# [Materials provided]
........

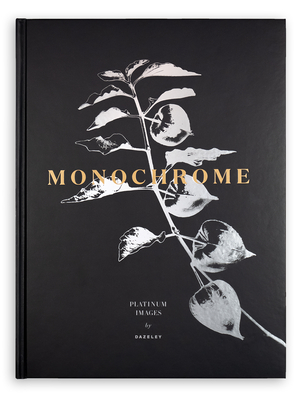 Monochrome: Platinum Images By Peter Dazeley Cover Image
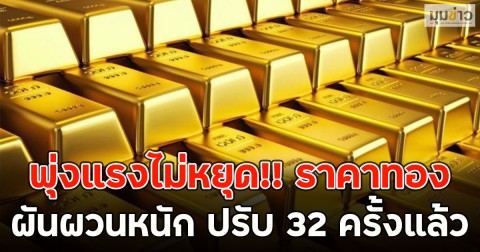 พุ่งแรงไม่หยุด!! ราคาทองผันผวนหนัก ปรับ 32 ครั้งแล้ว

........

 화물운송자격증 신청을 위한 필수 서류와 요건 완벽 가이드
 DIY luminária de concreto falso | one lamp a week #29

........

# [Action item]
Using the records above, restate word for word the lines from the one with "화물운송자격증 신청을 위한 필수 서류와 요건 완벽 가이드" through the one with "DIY luminária de", both included.

# [Solved exercise]
 화물운송자격증 신청을 위한 필수 서류와 요건 완벽 가이드
 DIY luminária de concreto falso | one lamp a week #29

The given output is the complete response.